Wir sind 2012 zum „Grand-Salon Micro Édition“ nach Lyon gefahren. Es war ein fantastisches Chaos Mini Festival. So etwas wollten wir auch machen. Außerdem waren wir alle gerade aus der Kunsthochschule gestolpert und ziemlich arm. Aus lauter Verzweiflung hatte ich das Buch „How to Get Rich“ von Donald Trump gekauft. Naturgemäß war das Buch überhaupt nicht hilfreich, aber es lag eben auf dem Tisch, als wir uns getroffen haben, um zu überlegen, was wir jetzt machen. Der Name „The Millionaires Club“ ist leider Trump zu verdanken.
Von Anfang an haben wir uns als internationales Festival verstanden, weil wir das Gefühl hatten, dass die ganzen wilden Sachen woanders passieren. Die deutsche Szene war damals und ist bis heute recht konservativ. Ich denke, dass wir uns immer mehr Mut gewünscht haben und deshalb in Deutschland komplett unbekannte Künstler*innen einluden.

Anna Haifisch: The Artist – Der Schnabelprinz
Reprodukt, 112 Seiten, 18,- €
Mit dem „COZI Comic- & Zinefest“ gibt es auch in Frankfurt ein unabhängiges Festival. Gab es seit 2012 Veränderungen in der Szene?
Ich liebe das COZI! Zum Glück gibt es noch Leute, die Lust haben DIY Festivals zu organisieren. Das „Hungry Eyes Zinefest“ in Berlin und das „Comicfestival Hamburg“ sind die besten Dinge, die dem Independent Comic in Deutschland passieren können. Es tut sich gerade im Umfeld der Kunsthochschulen viel und ich freue mich, dass es so viele neue Kollektive und Kleinstverlage gibt.
Dieses Jahr wurdest du als beste deutschsprachige Comickünstlerin ausgezeichnet. Ein rasanter Aufstieg, wenn man bedenkt, dass „The Artist“ kaum fünf Jahre her ist. Worauf dürfen wir uns in Zukunft freuen?

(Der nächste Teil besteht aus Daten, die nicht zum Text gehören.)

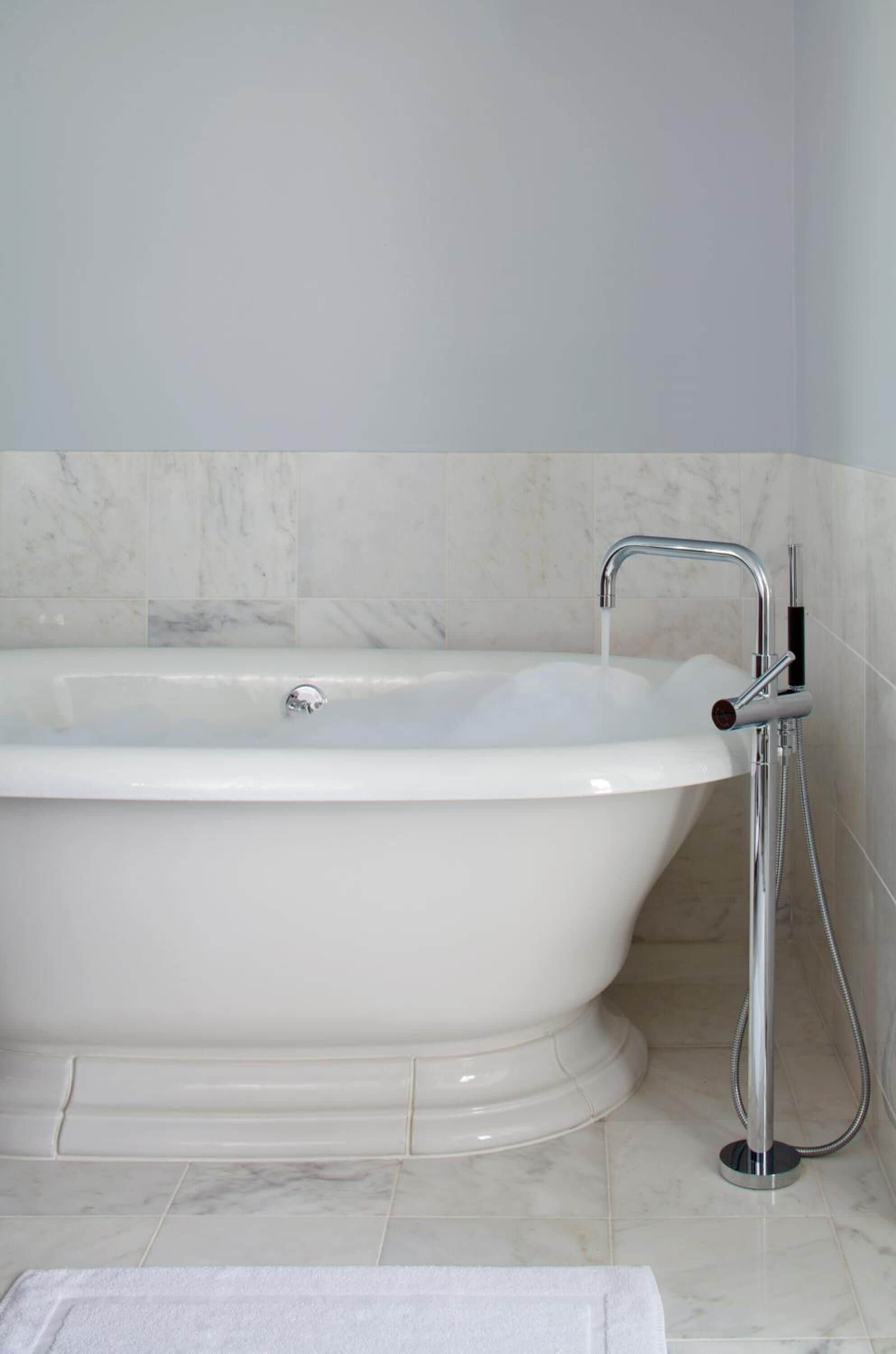 A white freestanding bathtub with a handheld showerhead, marble tiles, and a white towel on the floor.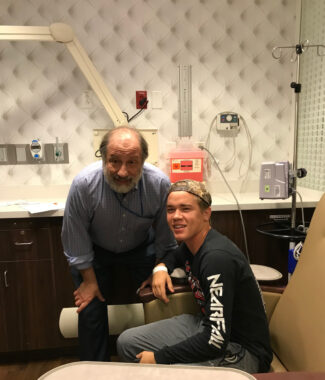 The same teenager that is pictured in the first photo above is seen here sitting down in an infusion chair and posing for the photo with an older doctor who is balding and has a gray beard. Both men are dressed casually.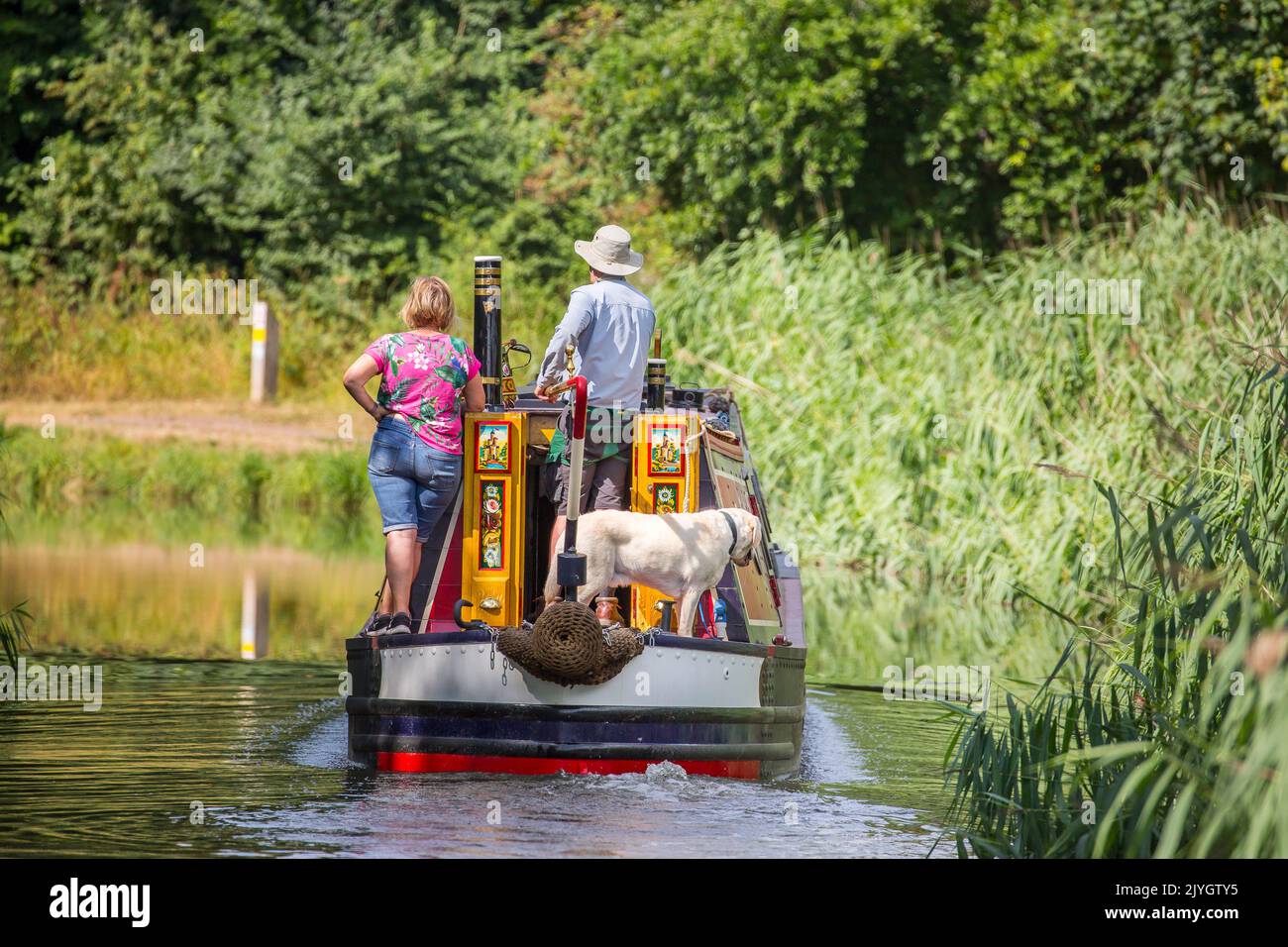 Vista posteriore di una coppia e del loro cane a bordo di una nave da crociera britannica che viaggia lungo un canale britannico in una giornata estiva di sole. Foto Stock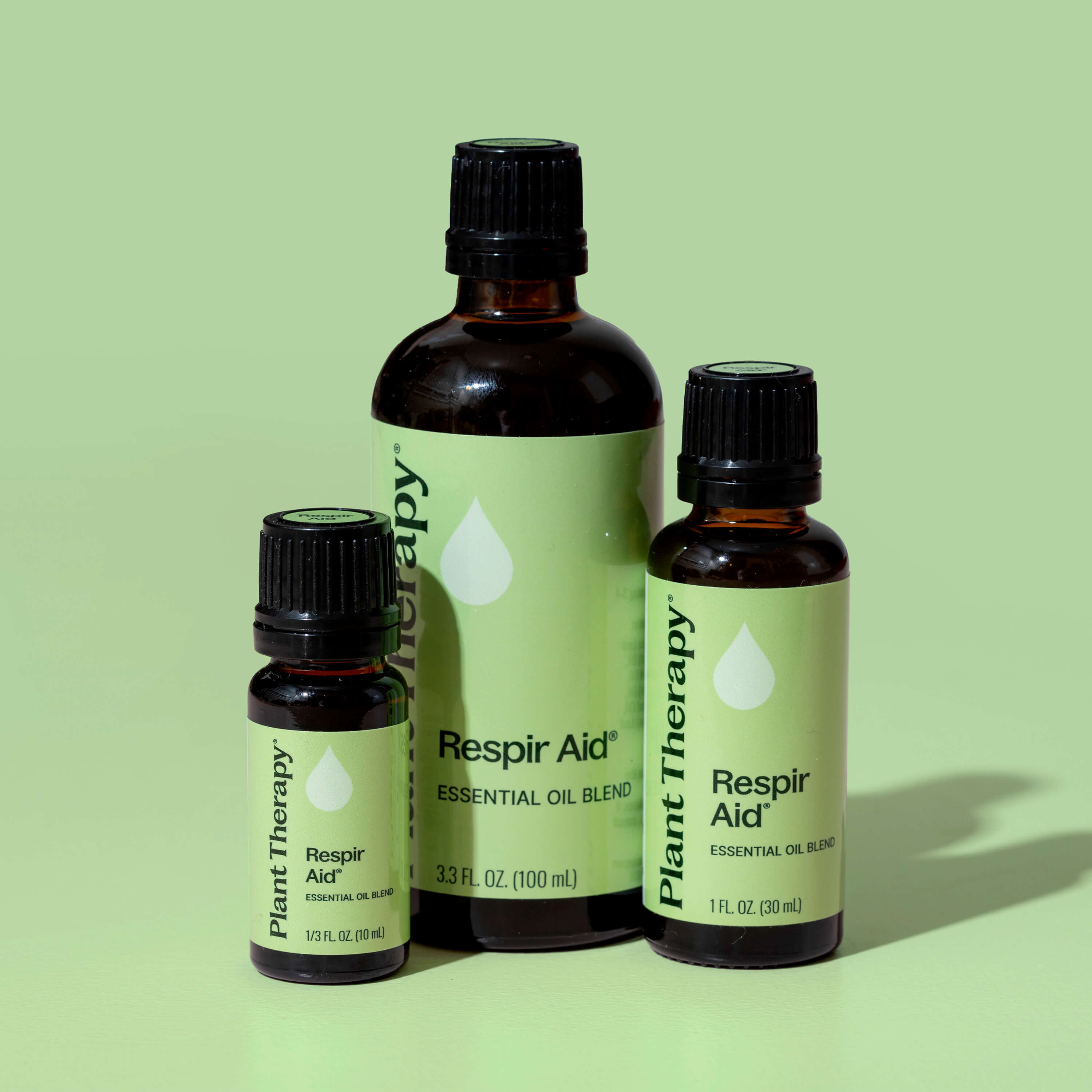 Three bottles of Plant Therapy Respiro Aid essential oil on a green background
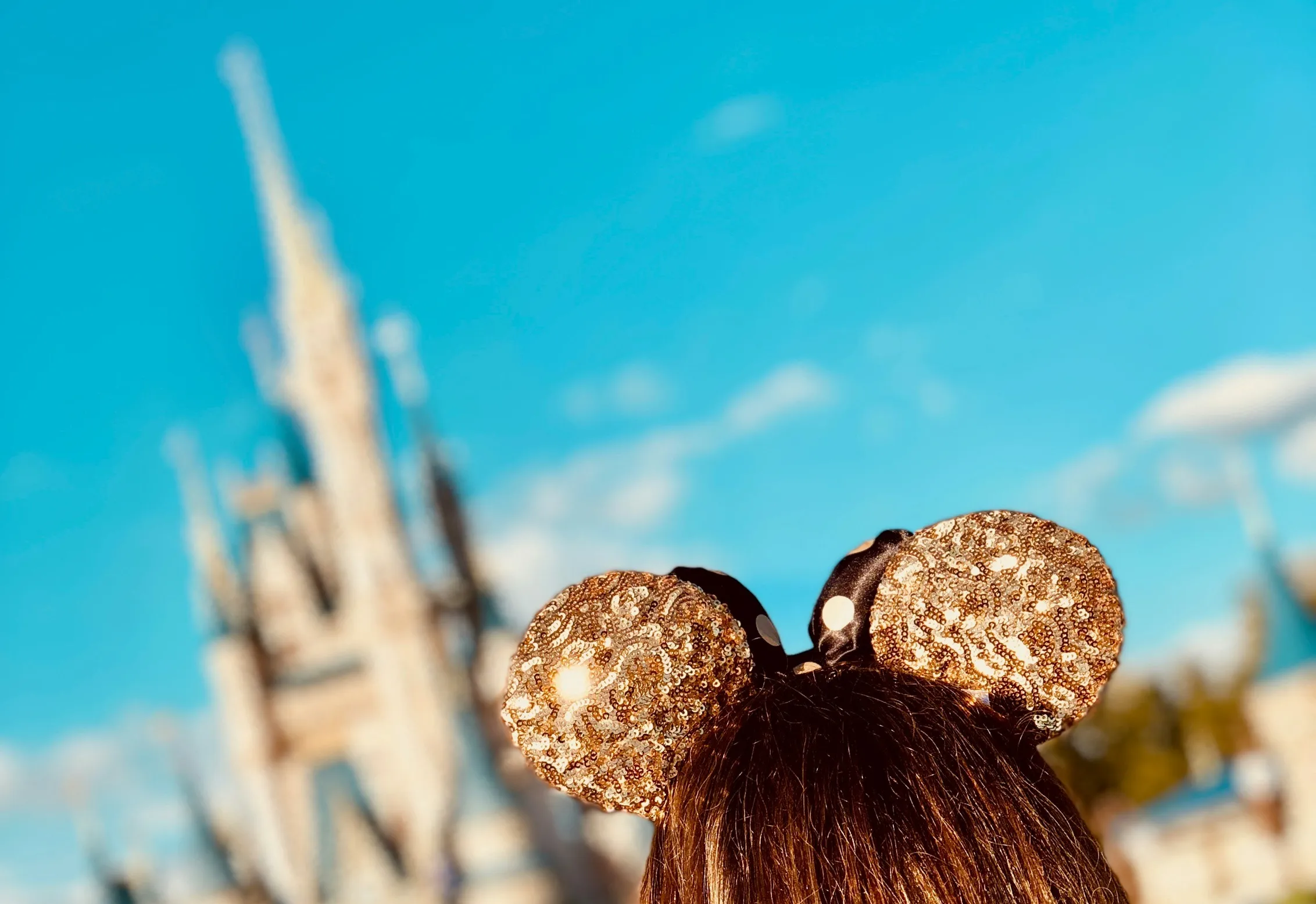 A small girl wearing glittery Mickey Mouse ears stands in front of a blurred view of Cinderella's Castle at Disney World.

Ehrlich gesagt, weiß ich auch oft nicht so genau, wie mir geschieht. Ich zeichne einfach weiter. Im Frühjahr 2021 wird der dritte Teil von „The Artist“ mit dem Titel „Eine Vogeloper in 11 Akten“ erscheinen. Es ist ein irrwitziges Projekt, ich habe keine Ahnung, ob das für irgendjemanden Sinn macht. Aber das denke ich eigentlich bei jedem Buch.